Until recently, in a wireless microphone system the signal between the transmitter and the receiver was analog, consisting of a very high frequency radio wave carrier that was continually varied slightly in frequency by the audio signal from the microphone (or other transducer). The electronics in the receiver removed the carrier frequency and left the audio signal – the same principle that is used in FM radio broadcasts. The new PGX Digital system from Shure (and those from a handful of other manufacturers) changes that paradigm.

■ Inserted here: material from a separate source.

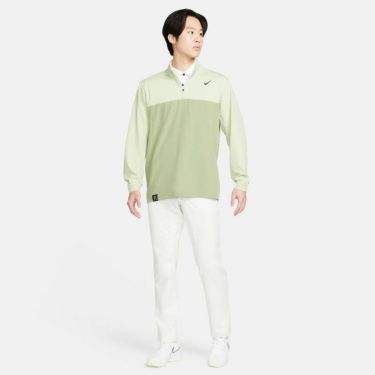 ナイキ NIKE　メンズ Dri-FIT 長袖 ハーフジップ ジャケット FD5771 386 オイルグリーン/ハニーデュー/ブラック　2024モデル 詳細5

Within the microphone transmitter, the audio signal from the voice or other source is digitally sampled, and the sample is converted into a digital “word” consisting of the electrical equivalent of a string of 1's and 0's. As before, a very high frequency carrier wave is modulated, but in this case with the digital “stream” of samples so that the carrier frequency only has two distinct states that represent the signal in the same manner that the flat areas and pits on a CD represent the music. The receiver retrieves this information from the carrier and decodes it via a D/A converter and outputs an audio signal that is the replica of what was encoded at the mic.
Why Digital?
Analog wireless transmissions are susceptible to a variety of noise and interference conditions, related to signal strength and/or interference from external electronic devices and other wireless signals. These can ride along with the carrier frequency and its audio signal as added noise, affect the receiver directly because the antennas that pick up the transmitter signal are also wide open to pick up other radio signal in the same general RF band, or interact with the carrier frequency to create additional harmonic frequencies.

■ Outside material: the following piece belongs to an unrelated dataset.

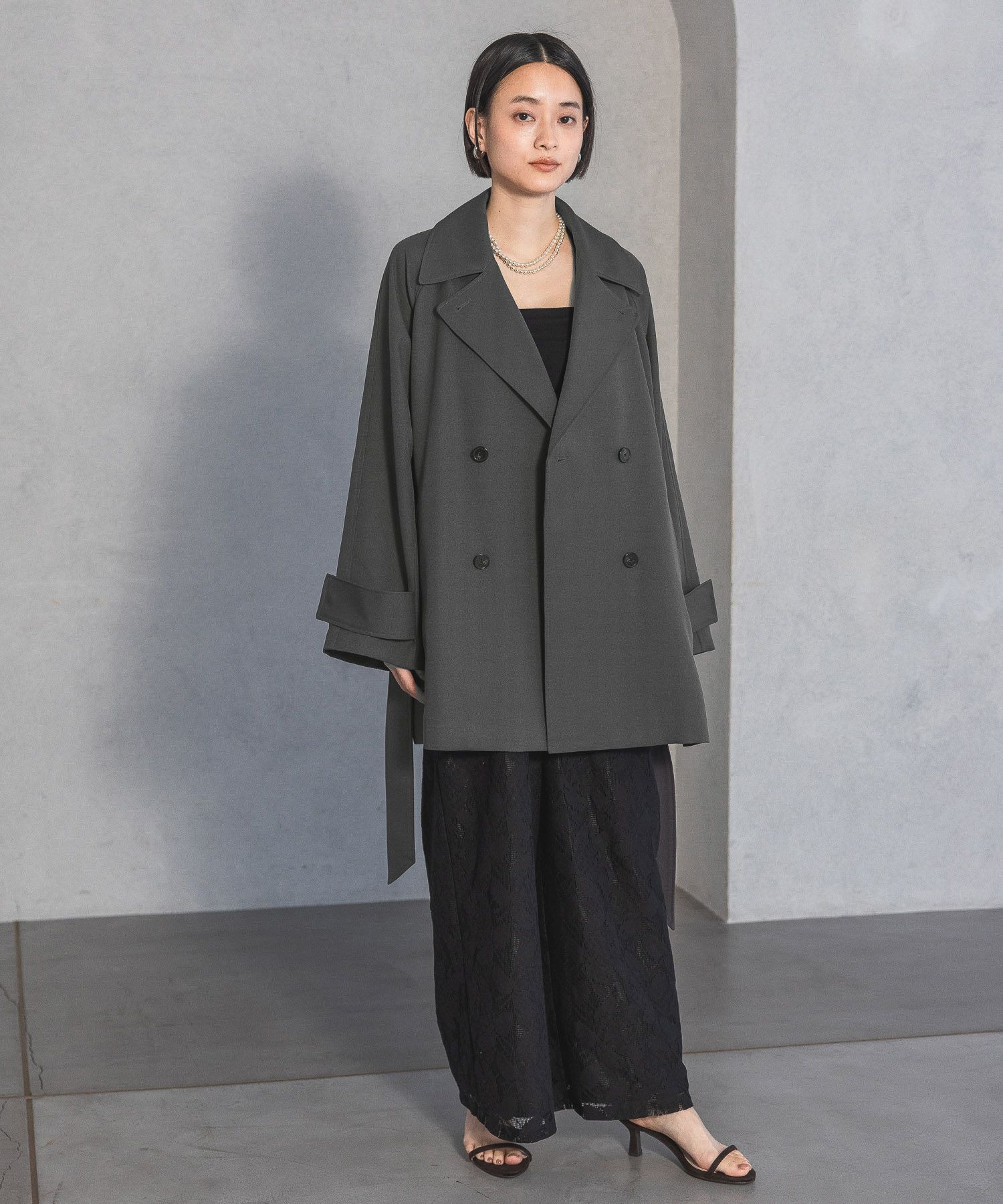 apart by lowrys「レースＶサロペット」|オールインワン|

While the same physics applies to a digital signal riding on a carrier wave, the digital signal with just two states is more difficult to damage. If the receiver finds that something has come in that is not equivalent to a digital word of 1's and 0's, that information will be ignored. If noise is riding on those digital words, it is still decoded as one of two states – rather than something in-between, if it were analog. As long as the digitally modulated carrier arrives at the receiver's antenna with sufficient level, it will be accurately decoded. And as with CD players and other digital audio devices, error correction algorithms may be added to fill in the gaps where there is missing information. Typically with a digital wireless system, the signal will retain its quality until the signal level is too low, and then it's gone.